● WHAT NEEDS TO BE DONE
Dropping every picture, set down exactly the lines in the entries below, starting with the line with "RUNCL ANCOHUMA Spinning" and going on through the line with "Download Easter Illustration".

● SUPPLIED ENTRIES
*** Begin section ***

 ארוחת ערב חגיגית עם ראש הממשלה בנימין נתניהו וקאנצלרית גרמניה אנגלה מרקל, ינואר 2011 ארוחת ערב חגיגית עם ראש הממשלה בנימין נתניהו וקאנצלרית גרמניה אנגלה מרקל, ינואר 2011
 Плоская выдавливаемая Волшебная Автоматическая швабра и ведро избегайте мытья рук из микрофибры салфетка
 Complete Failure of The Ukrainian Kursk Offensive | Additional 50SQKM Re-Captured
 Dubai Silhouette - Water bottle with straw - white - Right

*** End section ***
*** Begin section ***

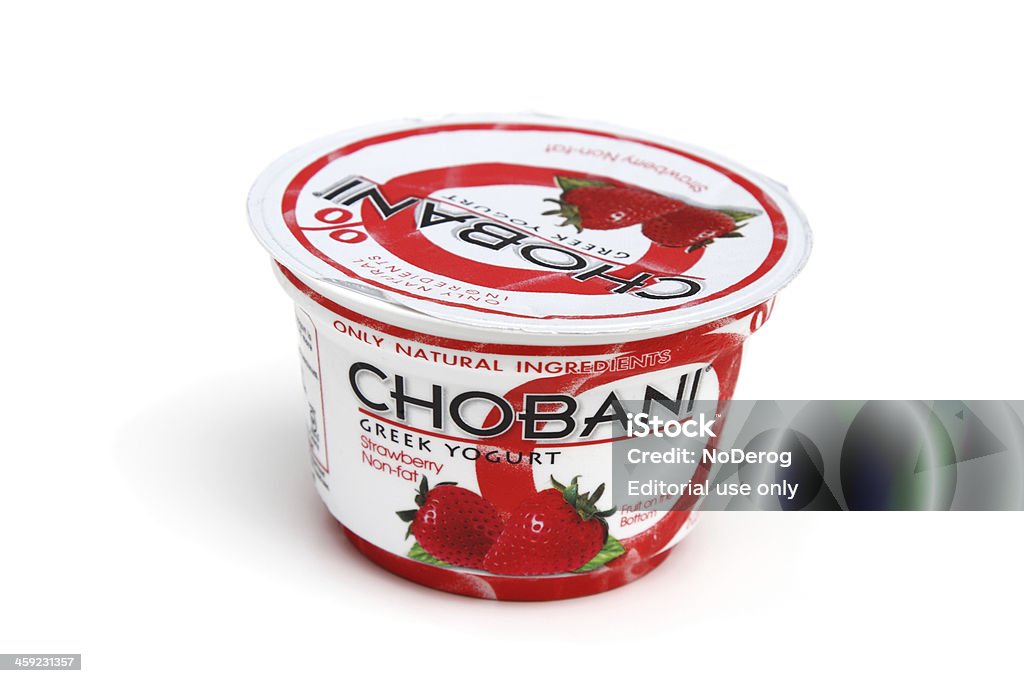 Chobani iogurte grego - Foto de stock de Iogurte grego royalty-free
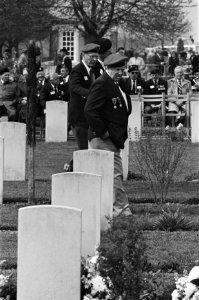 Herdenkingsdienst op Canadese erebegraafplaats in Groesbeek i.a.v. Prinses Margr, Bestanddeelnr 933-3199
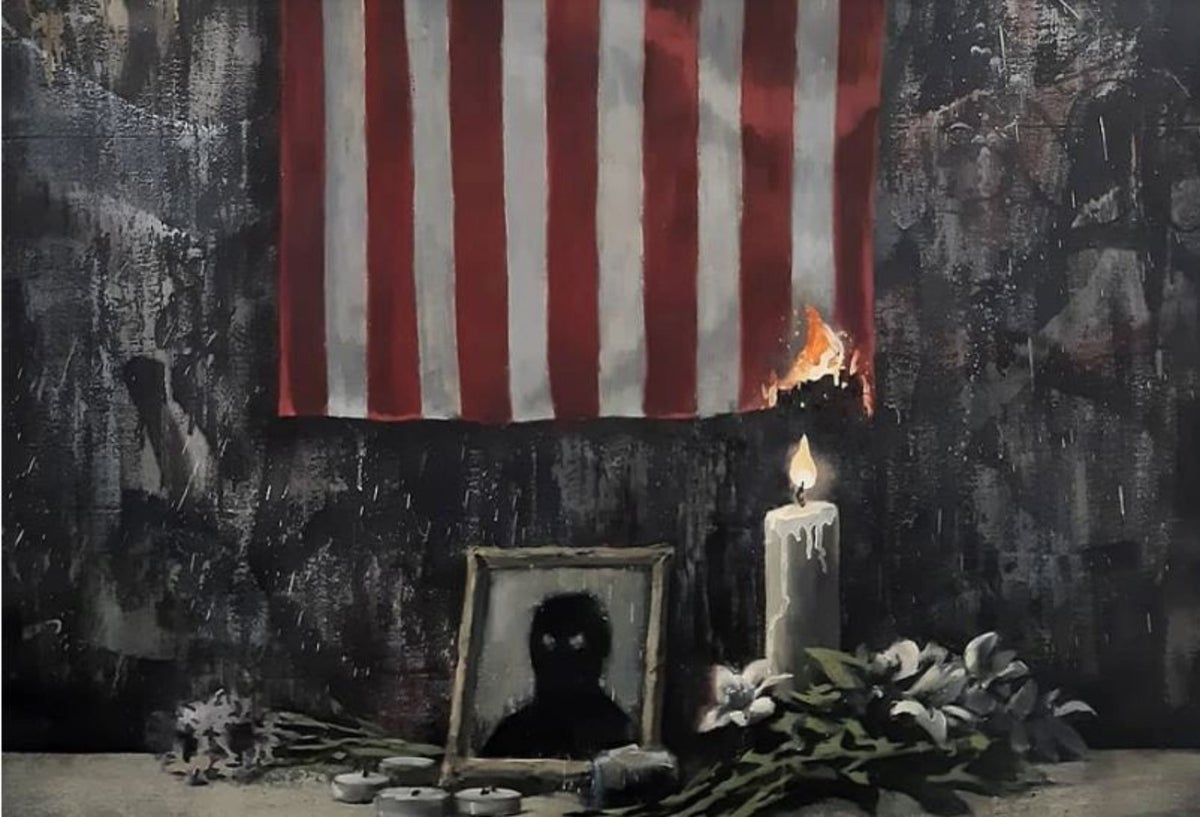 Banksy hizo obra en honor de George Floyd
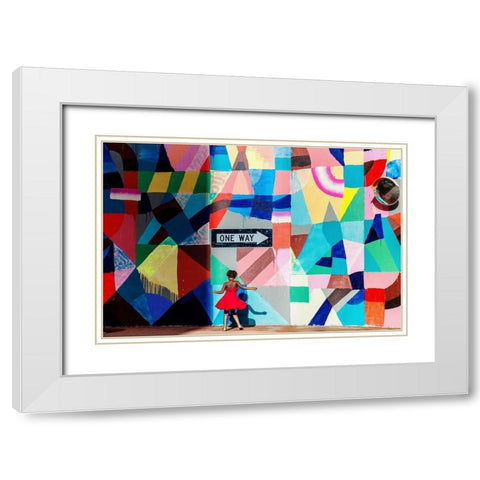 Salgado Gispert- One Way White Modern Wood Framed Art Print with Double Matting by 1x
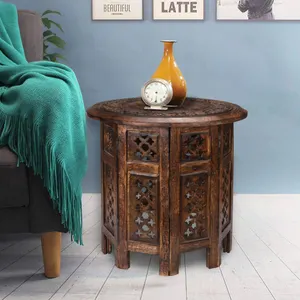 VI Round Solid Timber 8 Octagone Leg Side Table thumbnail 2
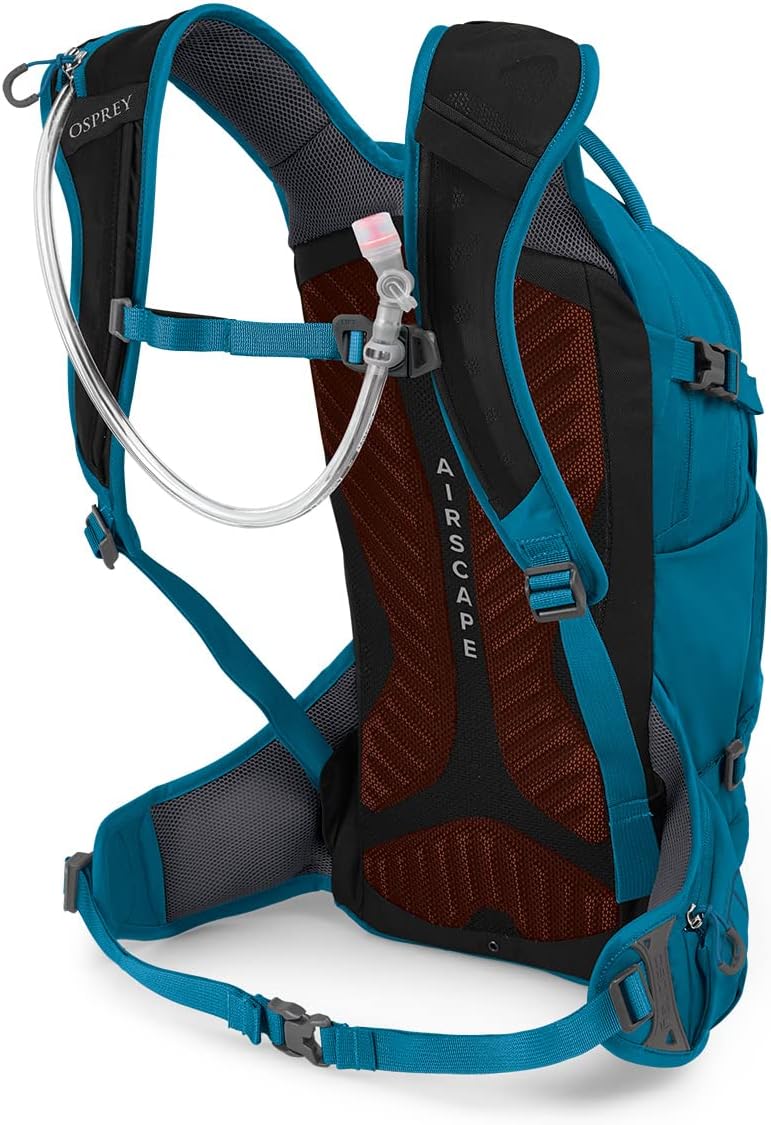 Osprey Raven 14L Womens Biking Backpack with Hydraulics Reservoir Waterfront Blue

*** End section ***
*** Begin section ***

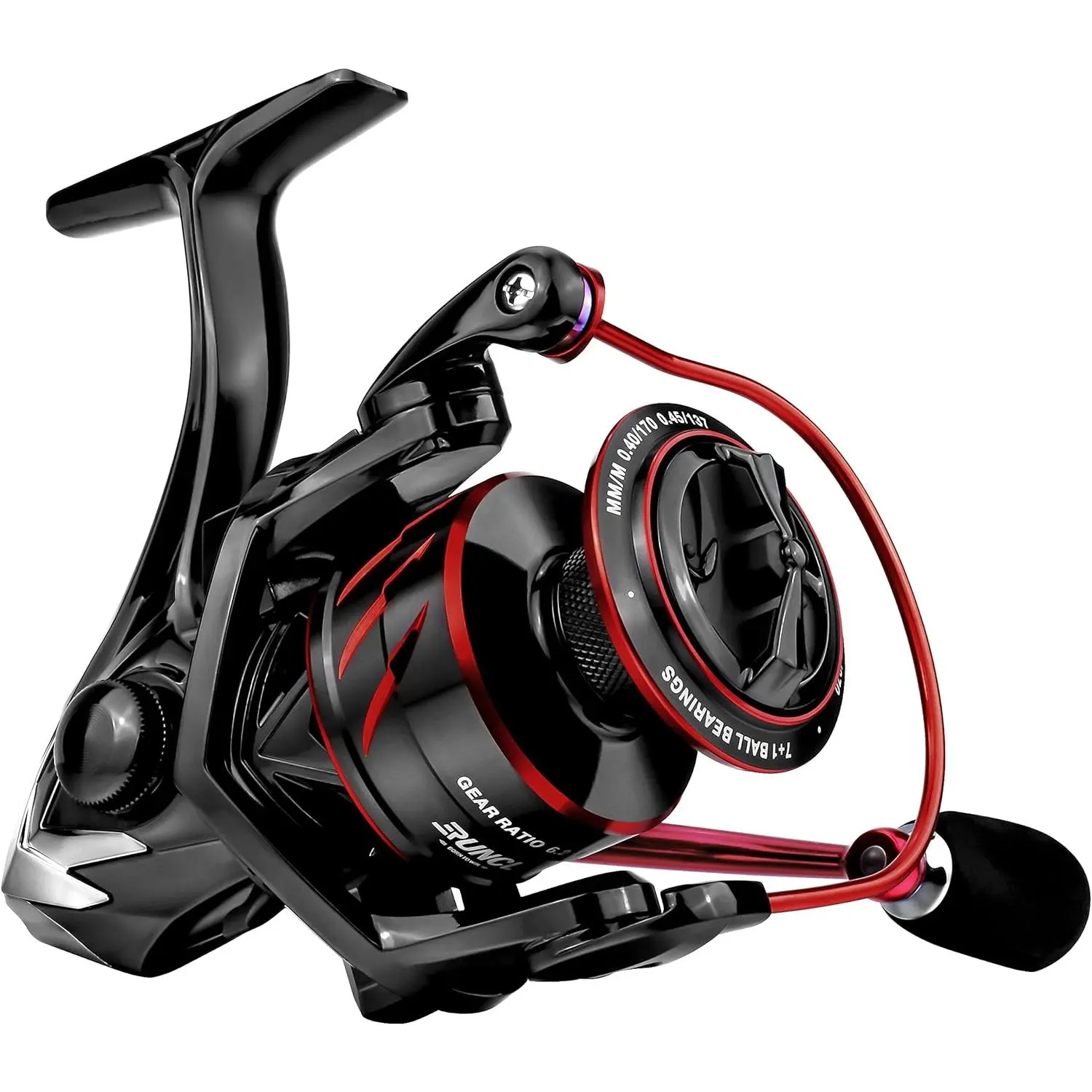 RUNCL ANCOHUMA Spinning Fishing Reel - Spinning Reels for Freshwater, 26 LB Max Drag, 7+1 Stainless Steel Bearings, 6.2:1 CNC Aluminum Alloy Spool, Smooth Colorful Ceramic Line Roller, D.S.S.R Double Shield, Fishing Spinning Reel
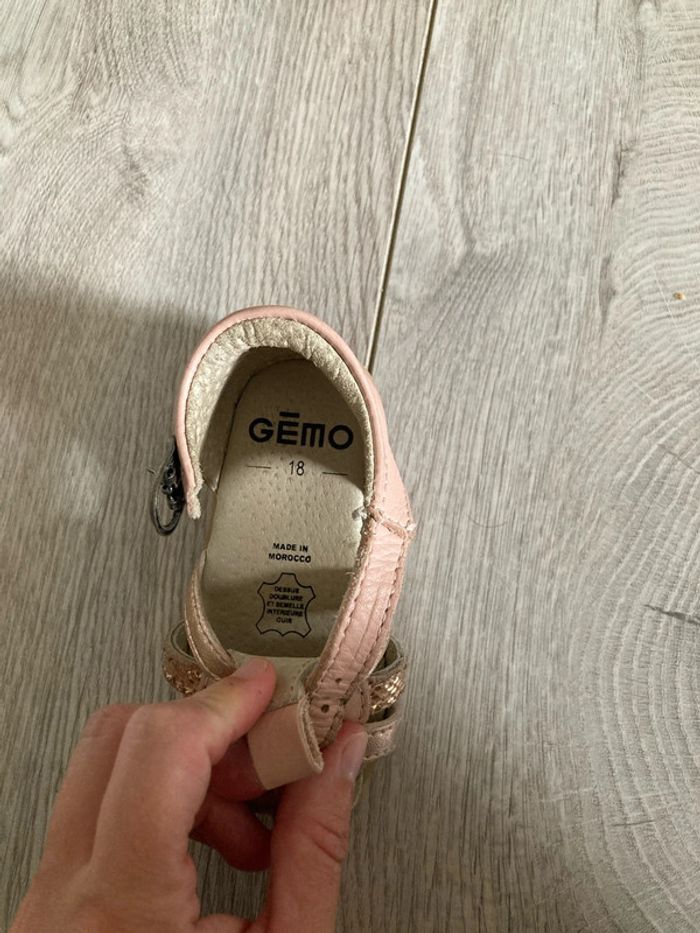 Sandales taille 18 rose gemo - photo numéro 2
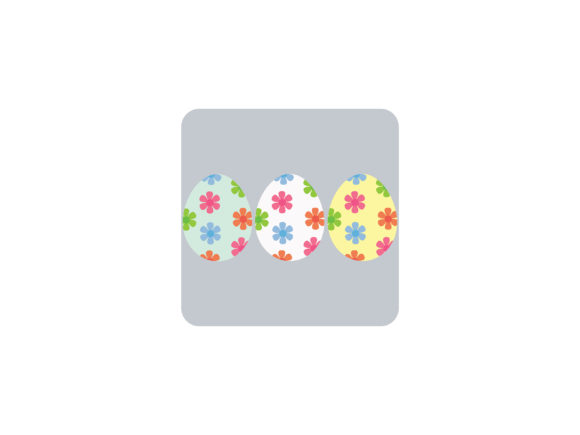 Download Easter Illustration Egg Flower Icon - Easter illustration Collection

*** End section ***

● ANSWER FOR THIS EXERCISE
 RUNCL ANCOHUMA Spinning Fishing Reel - Spinning Reels for Freshwater, 26 LB Max Drag, 7+1 Stainless Steel Bearings, 6.2:1 CNC Aluminum Alloy Spool, Smooth Colorful Ceramic Line Roller, D.S.S.R Double Shield, Fishing Spinning Reel
 Sandales taille 18 rose gemo - photo numéro 2
 Download Easter Illustration Egg Flower Icon - Easter illustration Collection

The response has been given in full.